» **Records**:
-=-=-=-=-
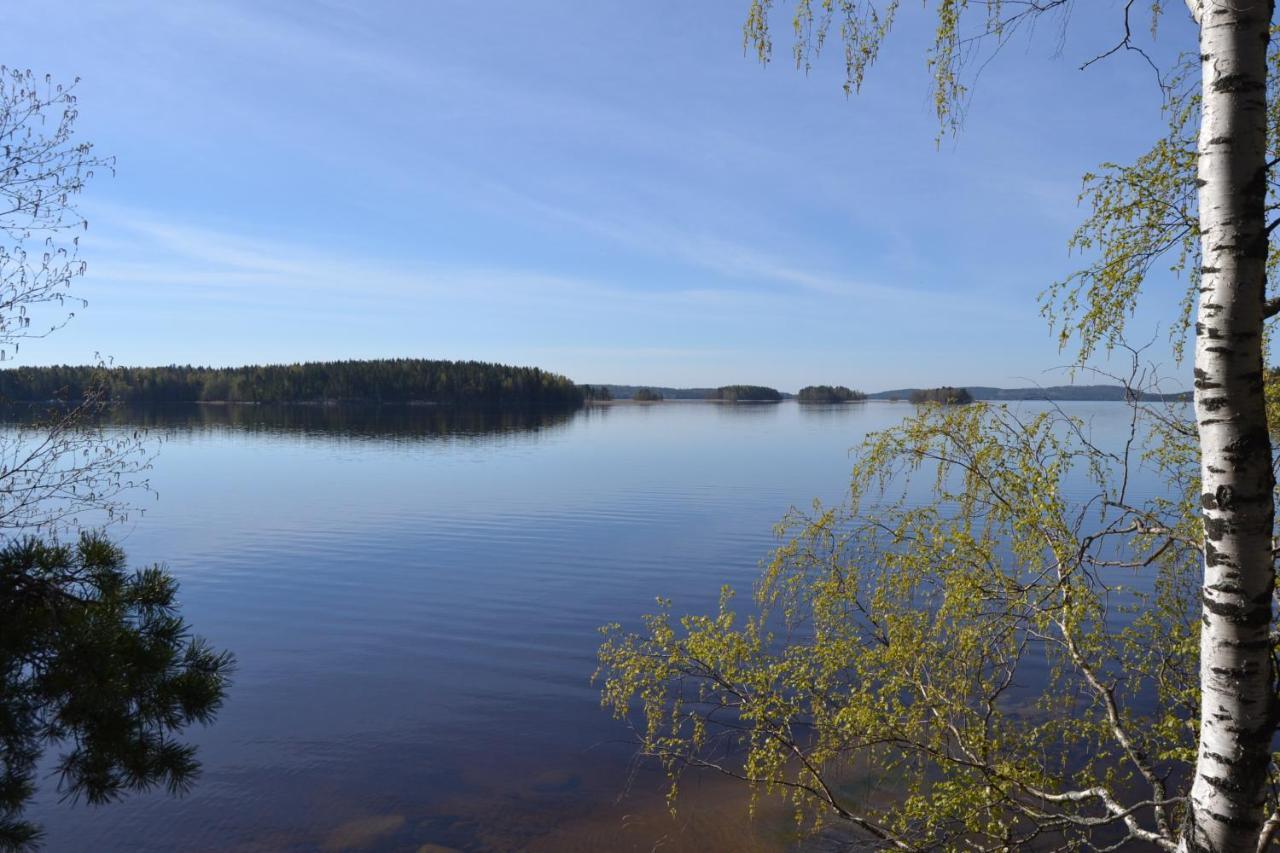 Villa Suvituuli | Paajoen Vuokramoekit Himos Exterior foto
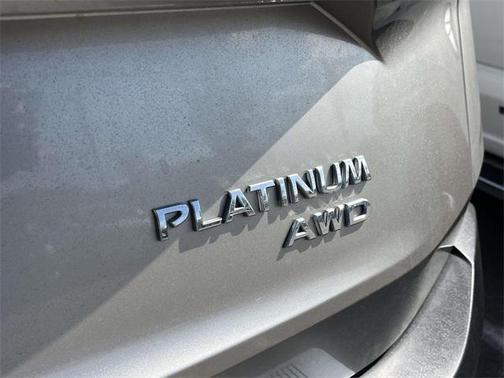 2022 Nissan Rogue Platinum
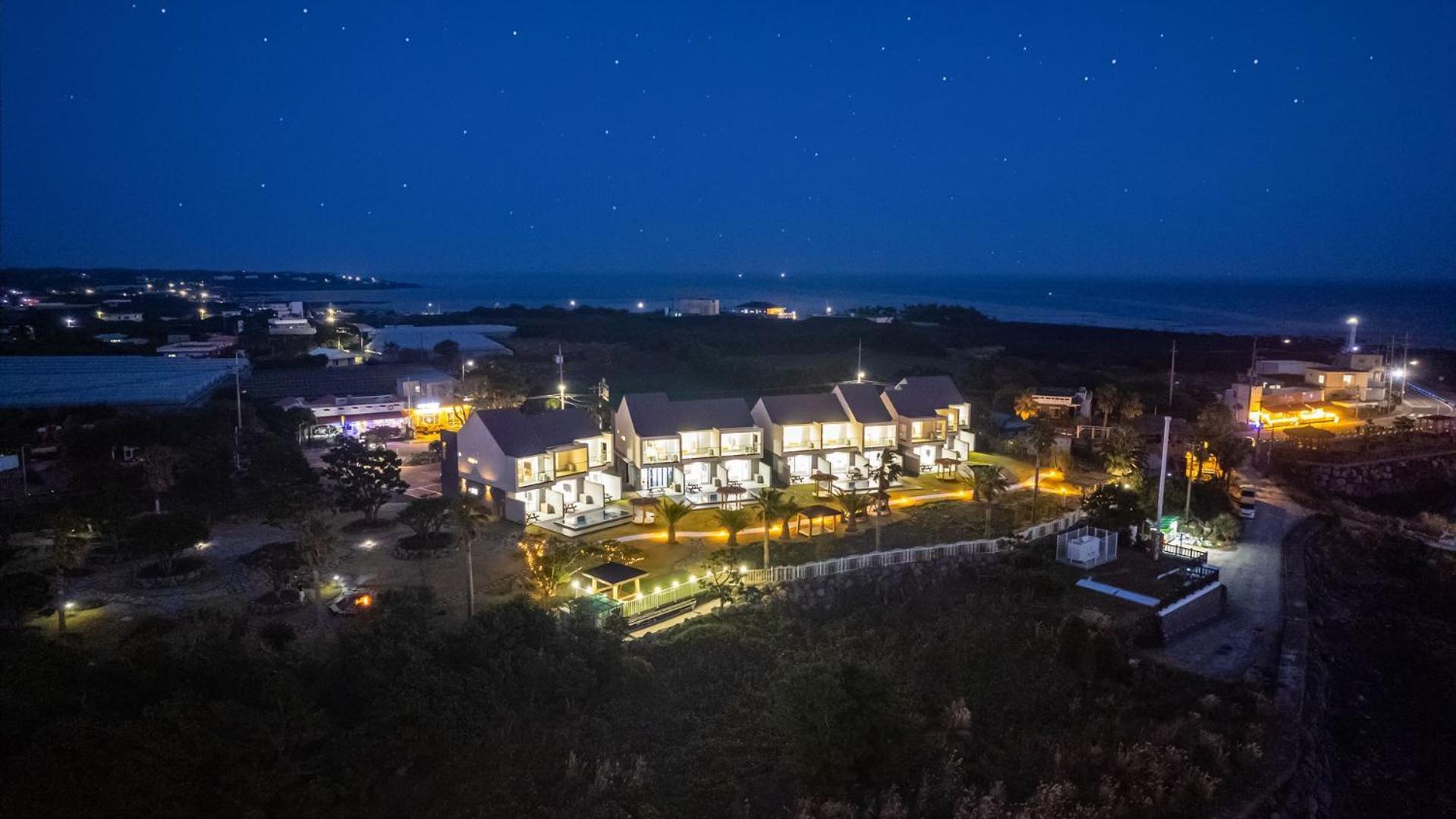 Jeju Badayeon Villa Seogwipo Luaran gambar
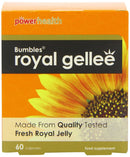 POWER HEALTH Bumbles Royal Gellee 500mg Economy- 60caps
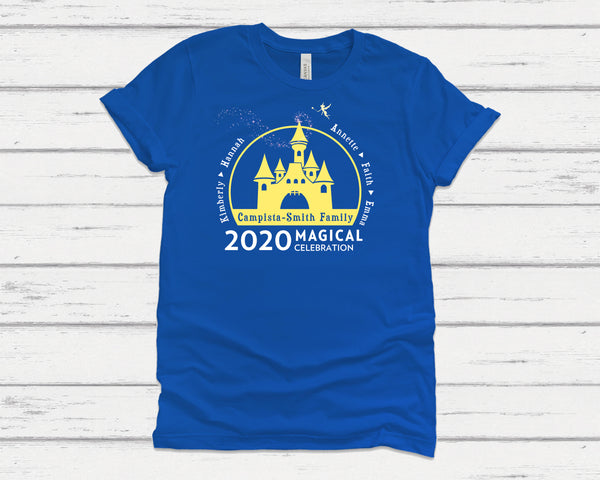 Pixie Dust Magical Celebration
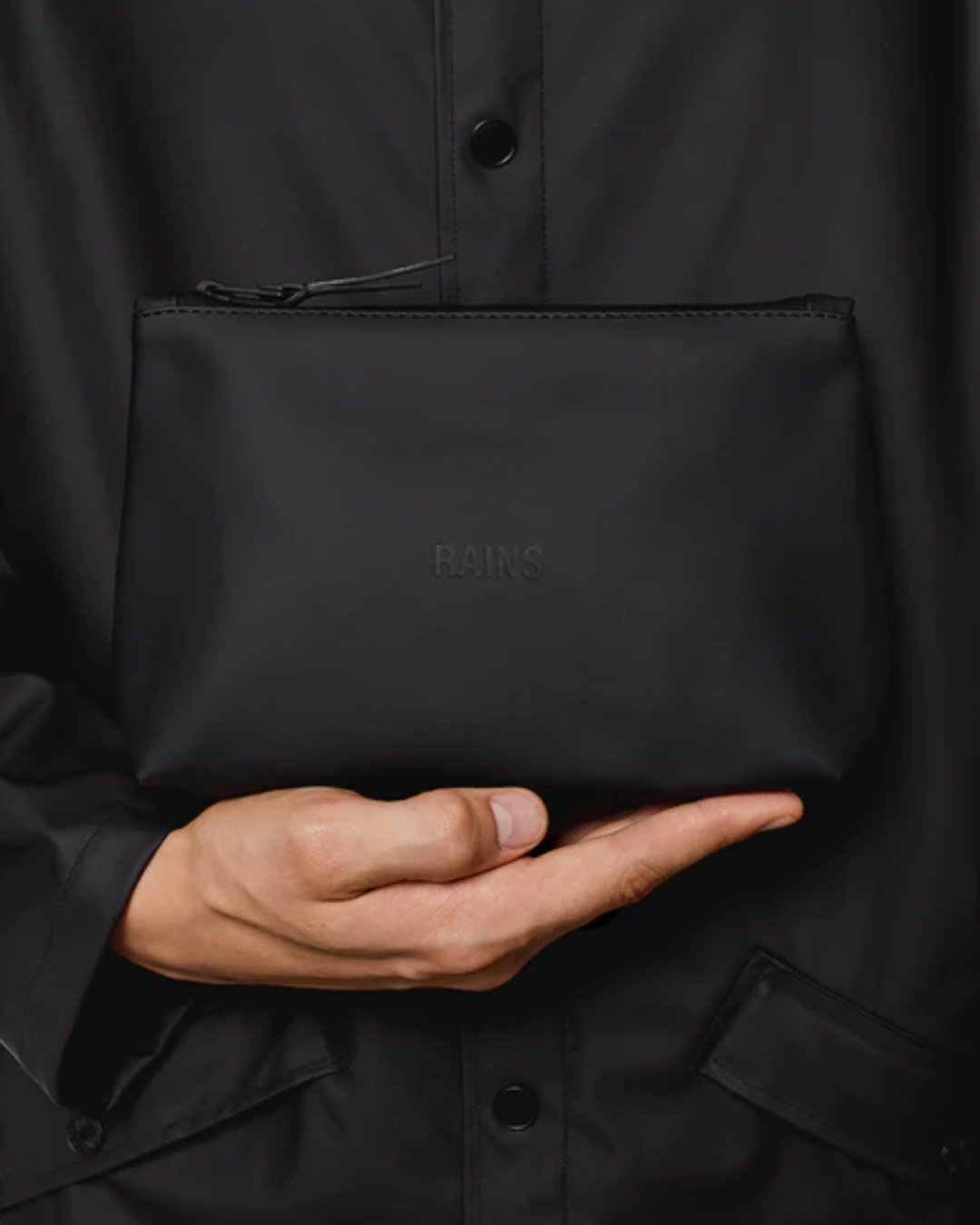 Rains Cosmetic Bag 15600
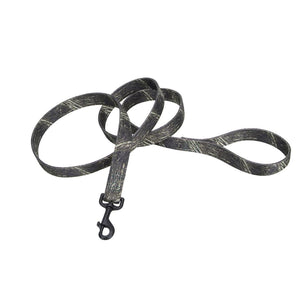Remington Double-Ply Patterned Dog Leash, Grassy Field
-=-=-=-=-
» **Work task**: Starting with the line that holds "Pixie Dust Magical Celebration", print each line through the last one of the data exactly as written, but do not include the pictures.

» **Answer section**:
 Pixie Dust Magical Celebration
 Rains Cosmetic Bag 15600
Remington Double-Ply Patterned Dog Leash, Grassy Field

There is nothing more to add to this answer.